• WHAT IS NEEDED: Please write out the listing exactly, leaving each picture out.

• DATASET SECTION:
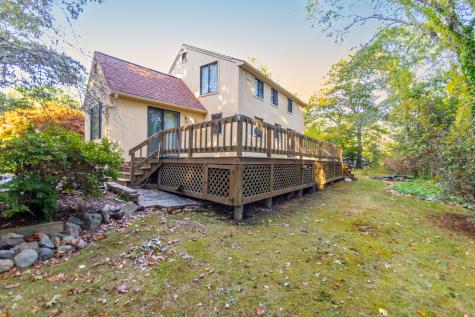 30 Weatherglass Lane Falmouth MA 02536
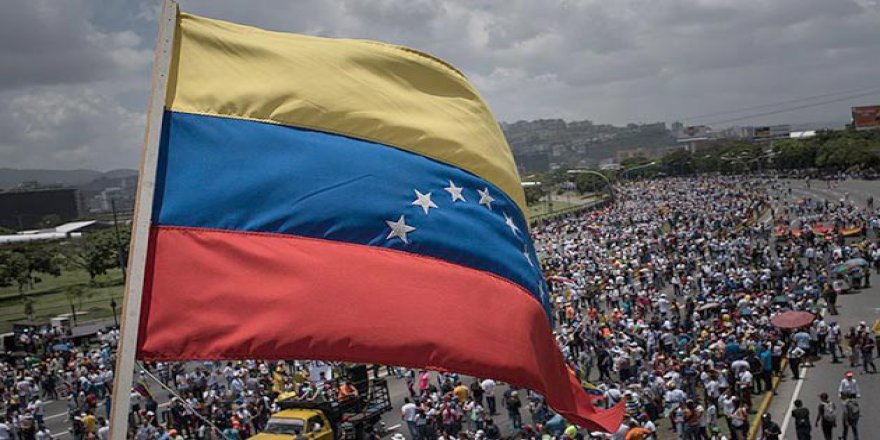 Venezuela'da 3 Partiye Seçim Yasağı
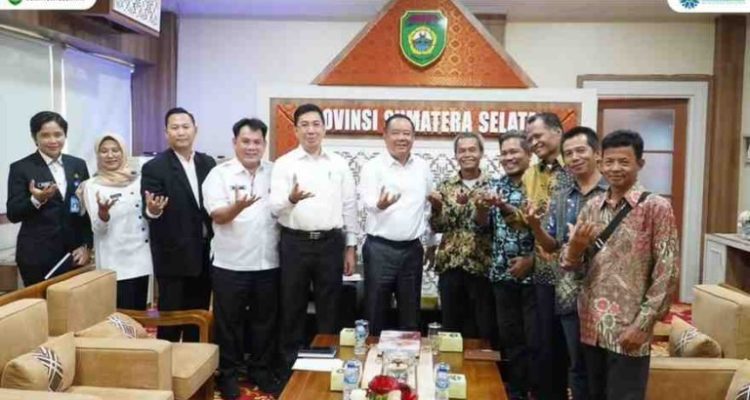 H. Cik Ujang menerima audiensi Pengurus Dewan Pimpinan Daerah Perkumpulan Penggilingan Padi dan Pengusaha Beras Indonesia (DPD PERPADI) dalam rangka silaturahmi di Ruang Tamu Wakil Gubernur Sumsel (Rabu, 4/6/2025).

• RESULT OF THE EXERCISE:
 30 Weatherglass Lane Falmouth MA 02536
 Venezuela'da 3 Partiye Seçim Yasağı
 H. Cik Ujang menerima audiensi Pengurus Dewan Pimpinan Daerah Perkumpulan Penggilingan Padi dan Pengusaha Beras Indonesia (DPD PERPADI) dalam rangka silaturahmi di Ruang Tamu Wakil Gubernur Sumsel (Rabu, 4/6/2025).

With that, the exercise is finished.